Comment 12 Daniel Vetter 2013-03-05 09:15:26 UTC
Fix is merged into drm-intel-fixes now:

commit 58db81c51c080595995219f591ca834e7352731c
Author: Daniel Vetter <daniel.vetter@ffwll.ch>
Date:   Tue Mar 5 09:50:58 2013 +0100

    drm/i915: enable irqs earlier when resuming

It is a bit unclear to me why 3.8 also regressed, since all the seemingly relevant commits are only in 3.9-rc1.
Comment 13 Daniel Vetter 2013-03-05 09:16:22 UTC
Created attachment 94541 [details]
2nd try at a backport

I've found the prerequisite patch I think and added it to the backport. Please test this on top of 3.8.
Comment 14 Coacher 2013-03-06 20:50:23 UTC
(In reply to comment #12)
> It is a bit unclear to me why 3.8 also regressed, since all the seemingly
> relevant commits are only in 3.9-rc1.

I don't know either, but on my machine 3.8.0 is also affected.
Comment 15 Daniel Vetter 2013-03-06 20:52:00 UTC
Yeah, the commit which regressed things is actually in 3.8 already.

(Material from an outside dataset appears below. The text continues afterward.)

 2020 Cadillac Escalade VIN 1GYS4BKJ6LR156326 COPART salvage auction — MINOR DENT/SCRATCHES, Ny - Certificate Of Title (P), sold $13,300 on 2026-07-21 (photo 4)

I've added a cc: stable to the fix and will forward it asap:

commit 15239099d7a7a9ecdc1ccb5b187ae4cda5488ff9
Author: Daniel Vetter <daniel.vetter@ffwll.ch>
Date:   Tue Mar 5 09:50:58 2013 +0100

    drm/i915: enable irqs earlier when resuming
Comment 16 Coacher 2013-03-06 20:58:16 UTC
Thank you for your help!
Comment 17 Coacher 2013-03-27 15:31:58 UTC
Hello everyone.

I haven't tested fresh 3.8.x kernels lately because there is also another bug that's really annoying and I was running 3.7.10, but I've finally decided to give 3.8.4 a try.
Surprisingly, this bug is there.

After a little investigation I found out that at some point patch named:
"drm/i915: enable irqs earlier when resuming" was introduced to 3.8 branch and this is merely the patch attached above, but recently revert of this patch was also merged into 3.8 branch AND is included in 3.8.4. That's why this bug is resurfaced again.

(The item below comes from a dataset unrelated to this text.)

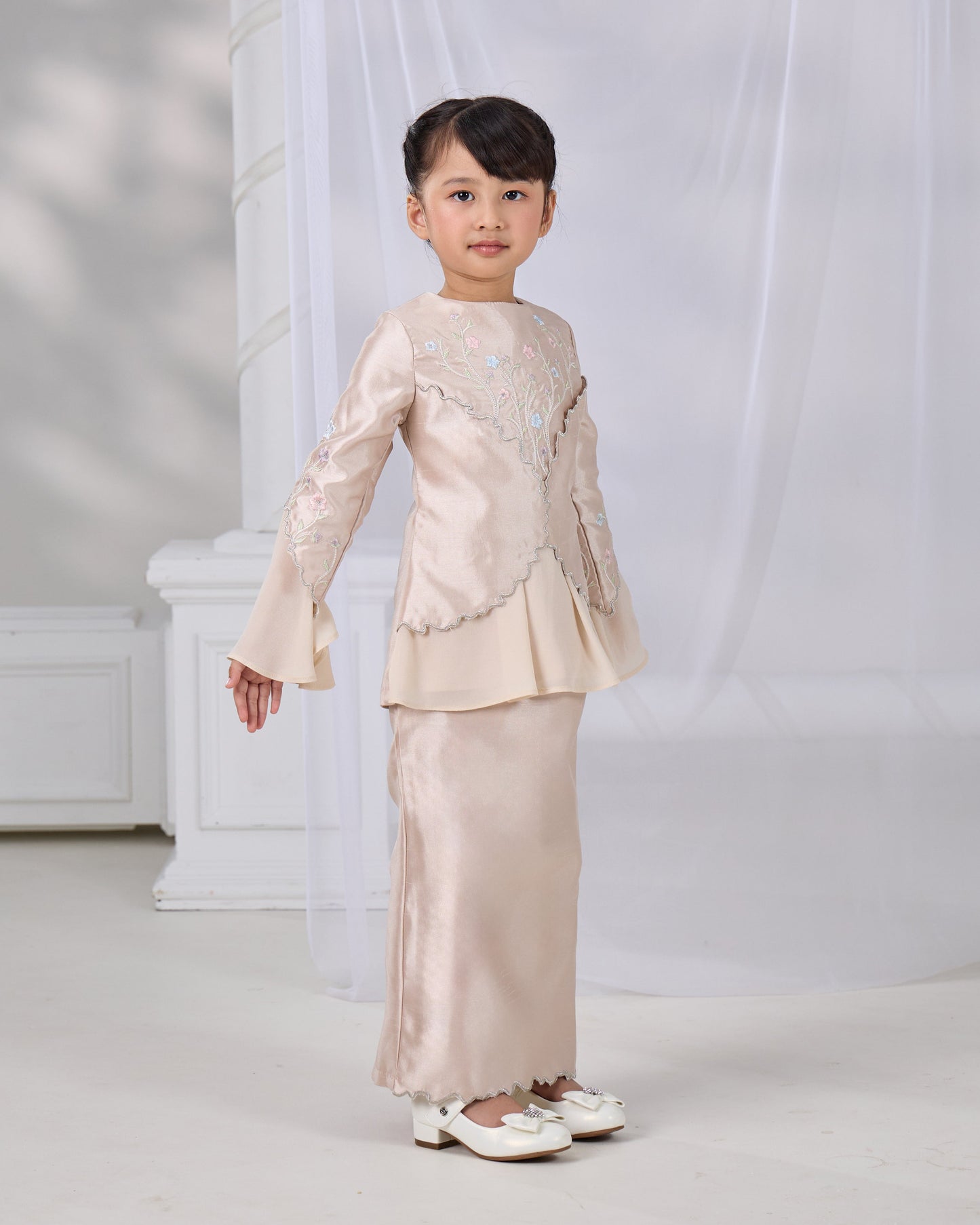 MINOR DEFECT RINAE KURUNG KIDS (CHAMPAGNE)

The commit message of revert says: "It caused problems in the 3.8-stable series, but 3.9-rc is just fine." So, this revert breaking things again on 3.8.4 kernel and doesn't belong to 3.8 branch as stated in commit message.

Please revert this revert, i.e. leave the changes made with the patch "drm/i915: enable irqs earlier when resuming".
Comment 18 Daniel Vetter 2013-03-27 15:43:45 UTC
Nope, ilk rc6 is known broken, disabled by default and this patch caused at least 5 different other bugs (and tons more "me, too" reports). Since the init sequence is this messy I've essentially given up on fixing this for 3.8, since 3.9-rc kernels work correctly.

Everything should work as expected with default options on 3.8.
Comment 19 Coacher 2013-03-27 16:33:14 UTC
Ok, thank you for clarification. Will wait till 3.9 then.